══ Information ══
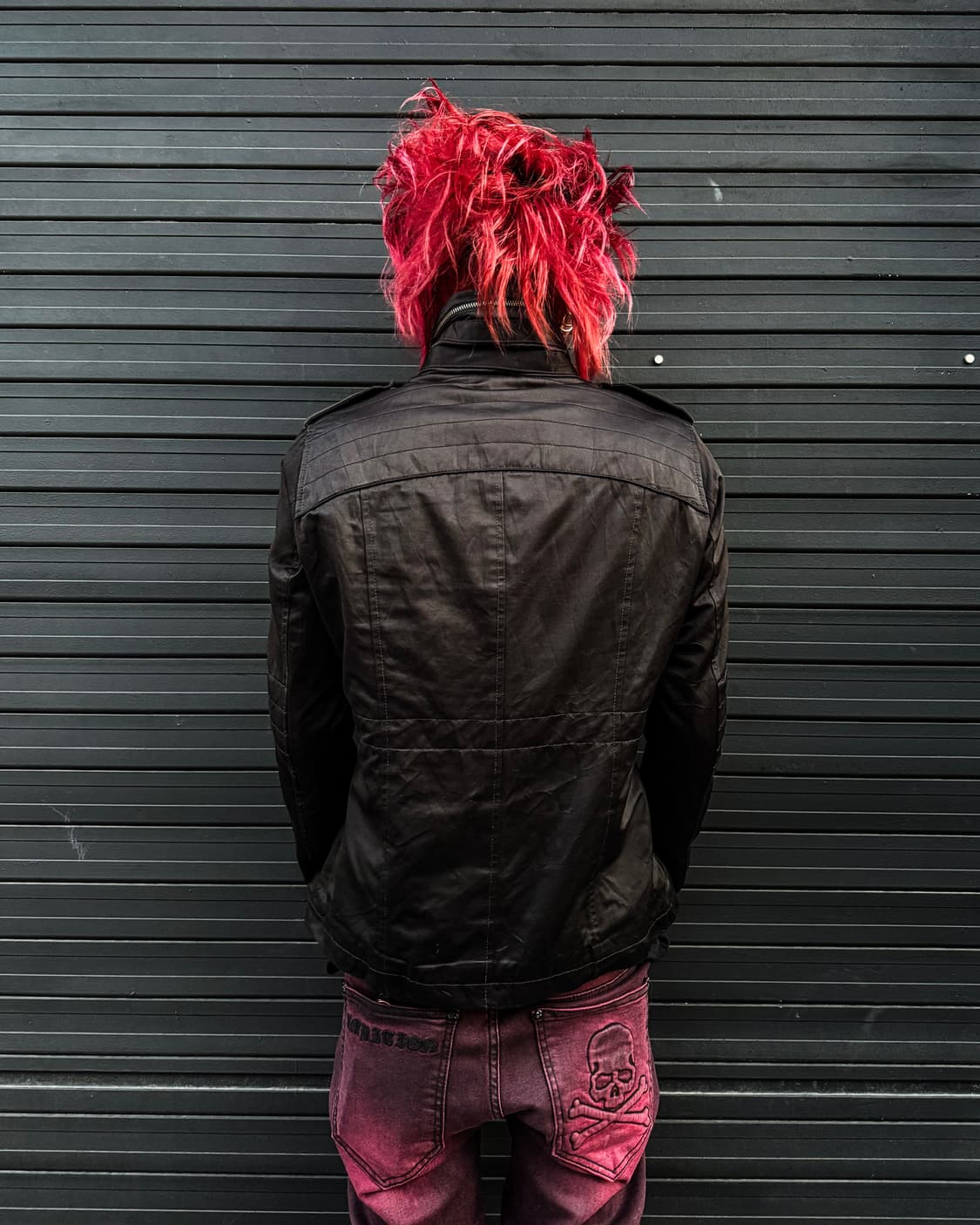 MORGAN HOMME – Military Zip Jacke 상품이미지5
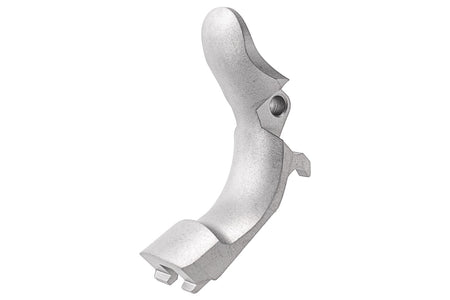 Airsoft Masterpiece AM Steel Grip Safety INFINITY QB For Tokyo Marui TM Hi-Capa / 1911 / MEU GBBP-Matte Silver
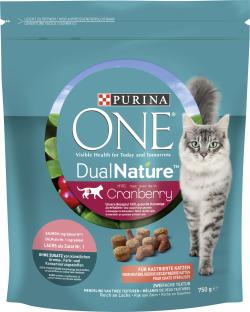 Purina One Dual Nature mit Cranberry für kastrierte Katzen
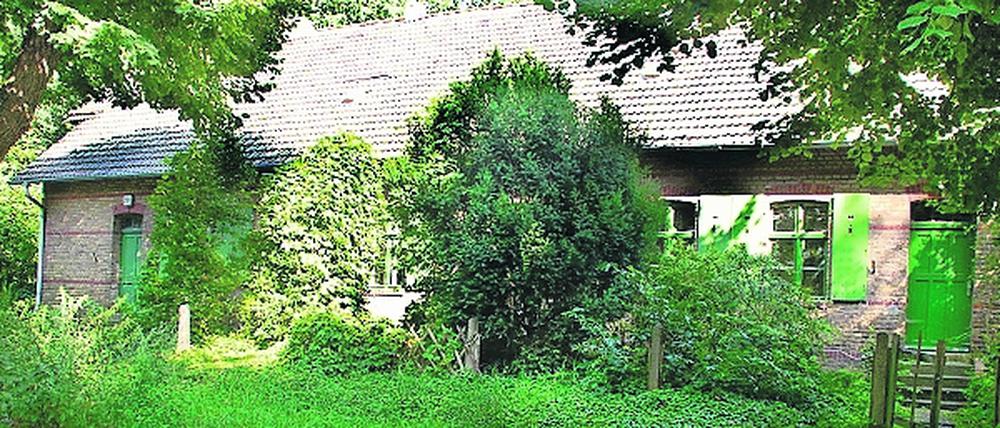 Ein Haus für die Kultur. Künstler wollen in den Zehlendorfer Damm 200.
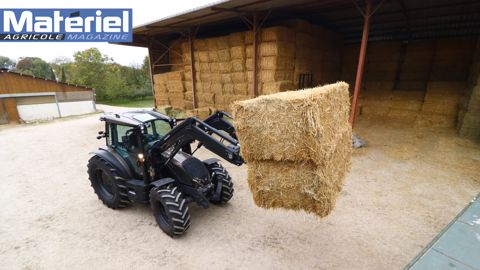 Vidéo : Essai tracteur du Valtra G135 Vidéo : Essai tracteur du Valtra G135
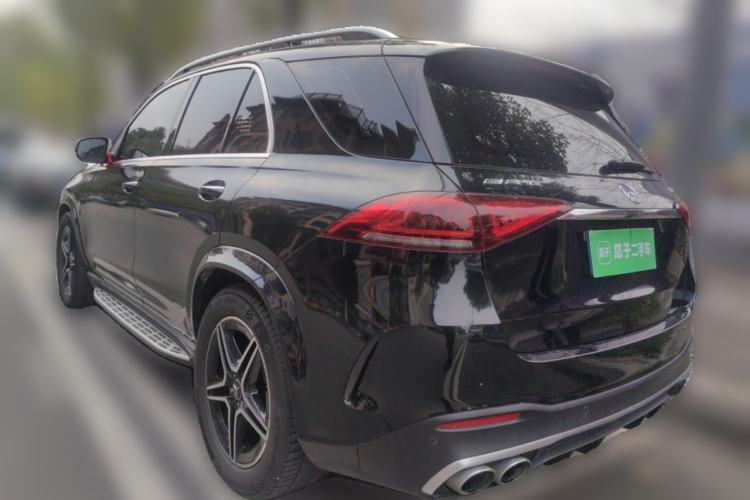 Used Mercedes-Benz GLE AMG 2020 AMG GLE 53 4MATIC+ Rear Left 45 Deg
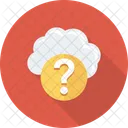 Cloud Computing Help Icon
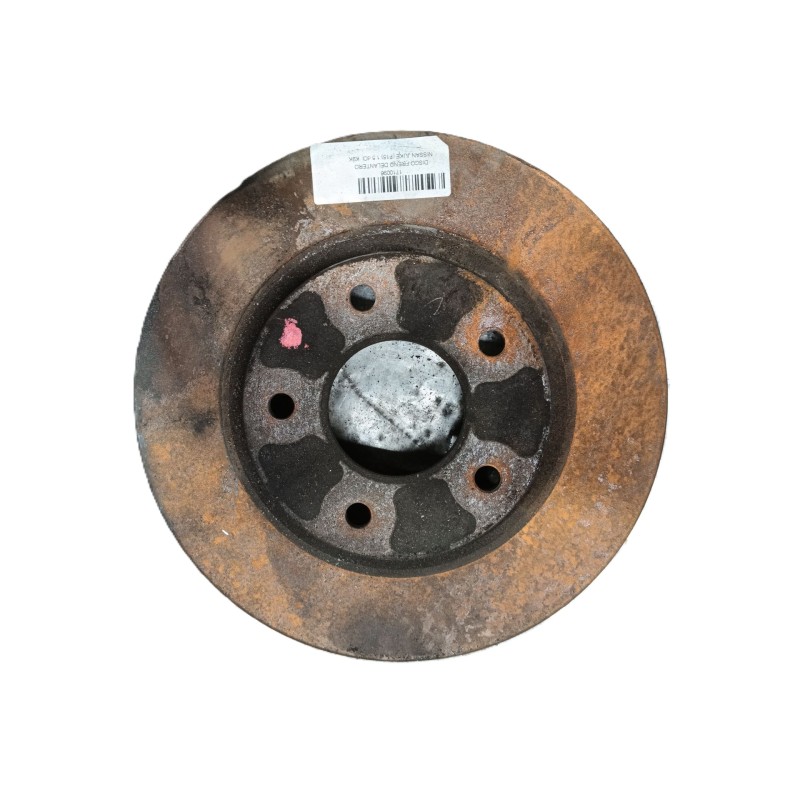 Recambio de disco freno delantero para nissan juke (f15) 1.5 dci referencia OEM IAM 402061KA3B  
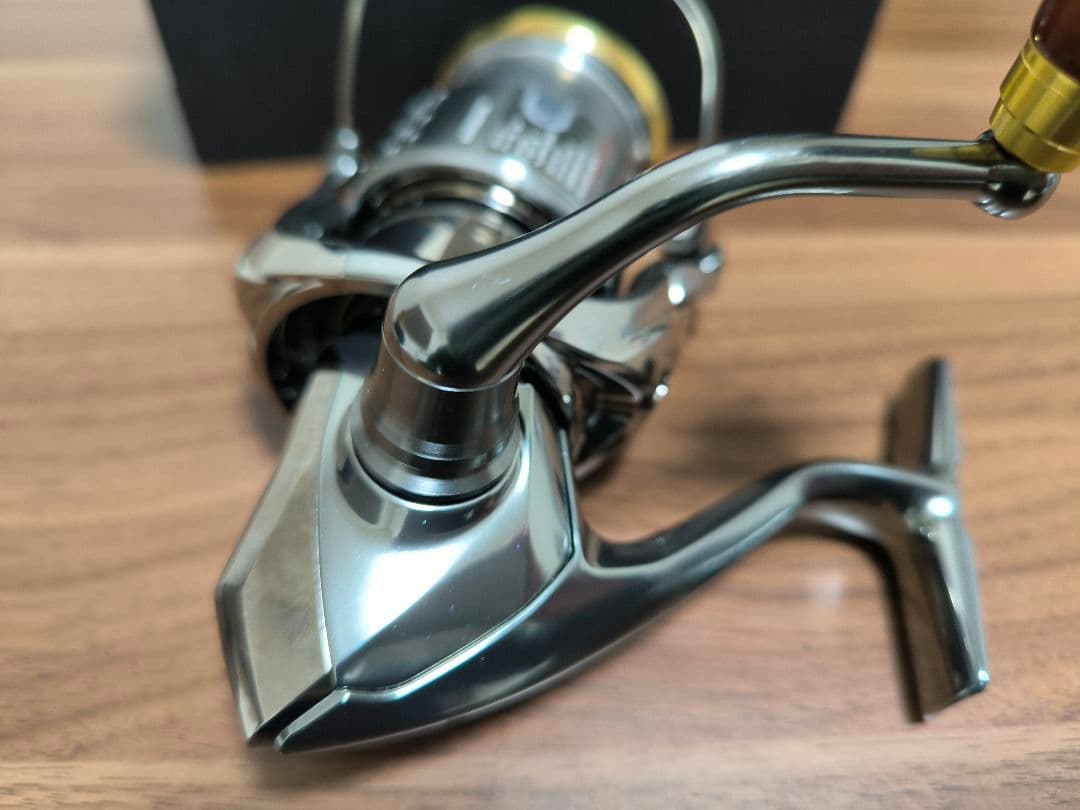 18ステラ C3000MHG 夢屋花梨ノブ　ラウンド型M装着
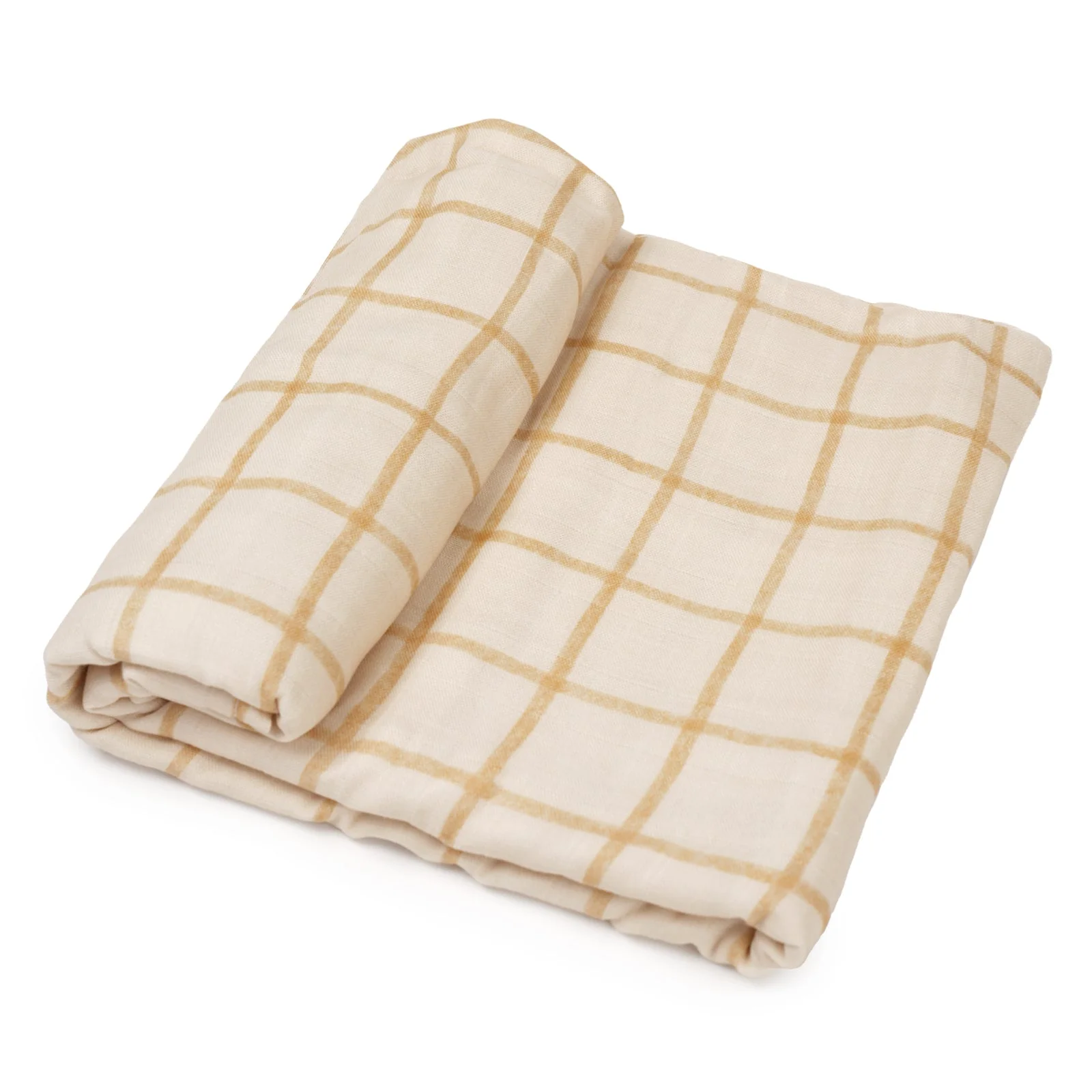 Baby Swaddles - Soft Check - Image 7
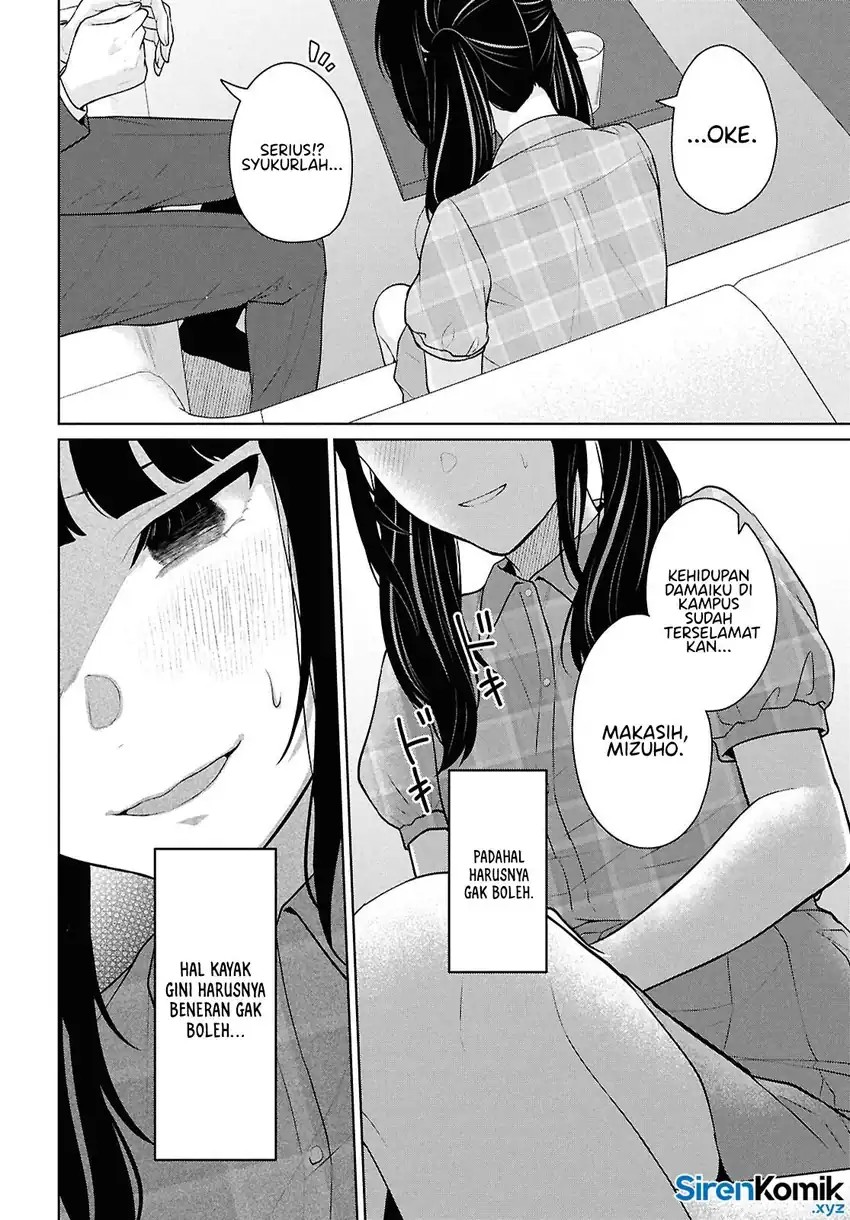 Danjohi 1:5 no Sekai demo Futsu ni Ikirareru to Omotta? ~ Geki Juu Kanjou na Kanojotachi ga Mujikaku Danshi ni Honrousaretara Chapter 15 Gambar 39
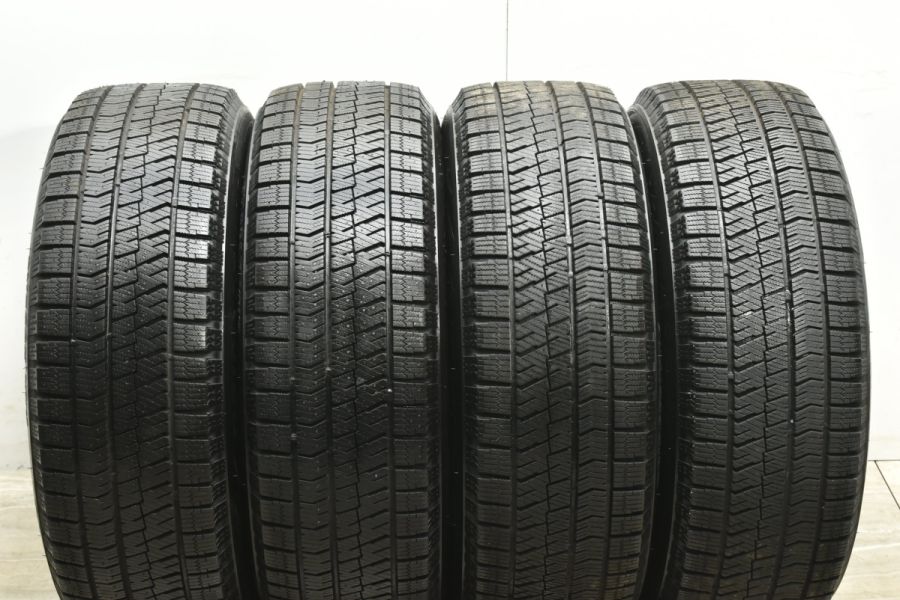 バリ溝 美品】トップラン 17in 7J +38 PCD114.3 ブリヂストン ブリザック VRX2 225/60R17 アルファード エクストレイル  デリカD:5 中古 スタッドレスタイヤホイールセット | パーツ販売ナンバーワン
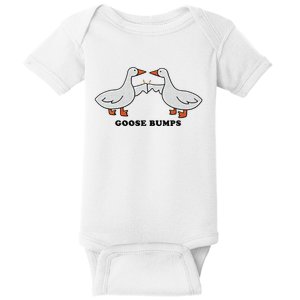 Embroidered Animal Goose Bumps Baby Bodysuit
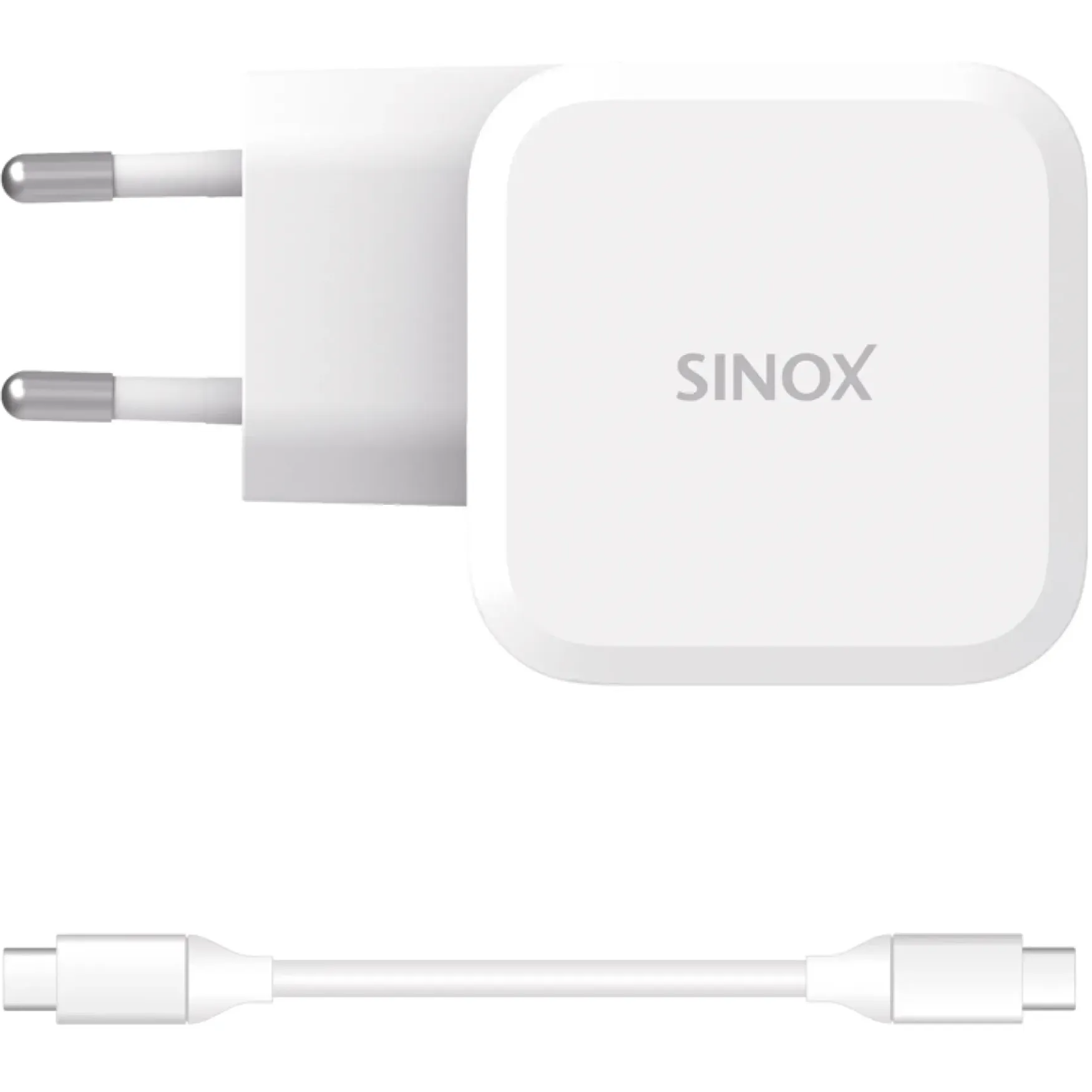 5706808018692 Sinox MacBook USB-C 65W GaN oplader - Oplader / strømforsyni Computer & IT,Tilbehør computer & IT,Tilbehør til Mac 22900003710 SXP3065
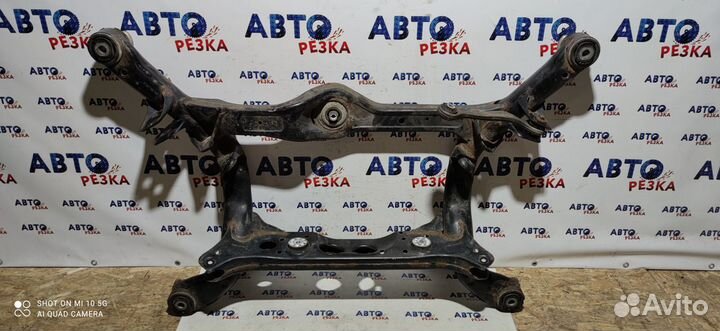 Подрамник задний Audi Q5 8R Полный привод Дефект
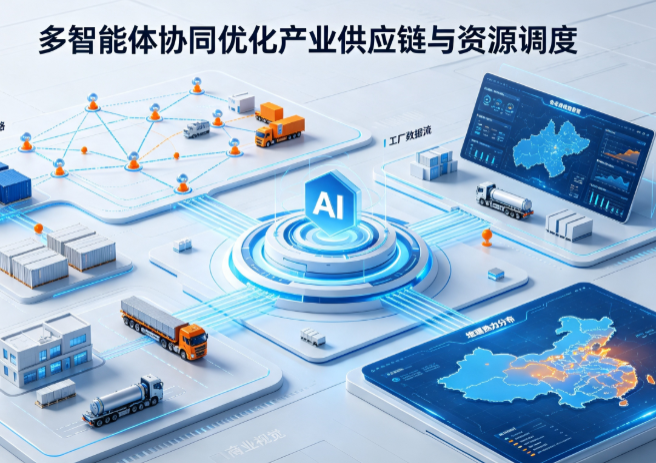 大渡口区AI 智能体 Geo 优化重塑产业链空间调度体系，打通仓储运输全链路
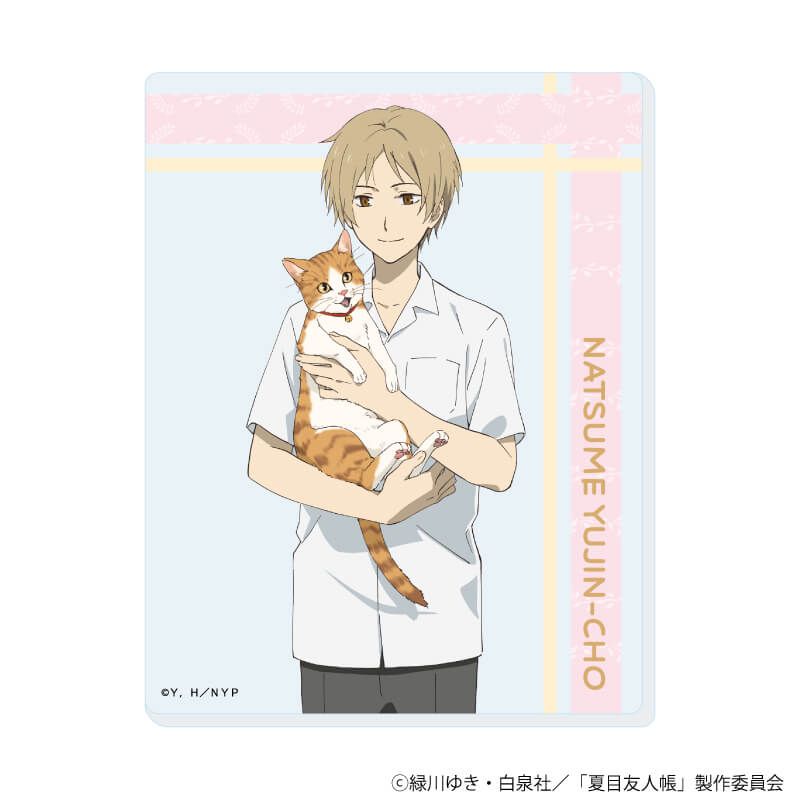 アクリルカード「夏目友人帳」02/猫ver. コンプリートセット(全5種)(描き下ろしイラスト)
═══
> Required action
Quote, please, only the lines running from the one with "Подрамник задний Audi" down to the final line of the data above, keeping both ends and skipping the pictures.

> Answer section
 Подрамник задний Audi Q5 8R Полный привод Дефект
 大渡口区AI 智能体 Geo 优化重塑产业链空间调度体系，打通仓储运输全链路
 アクリルカード「夏目友人帳」02/猫ver. コンプリートセット(全5種)(描き下ろしイラスト)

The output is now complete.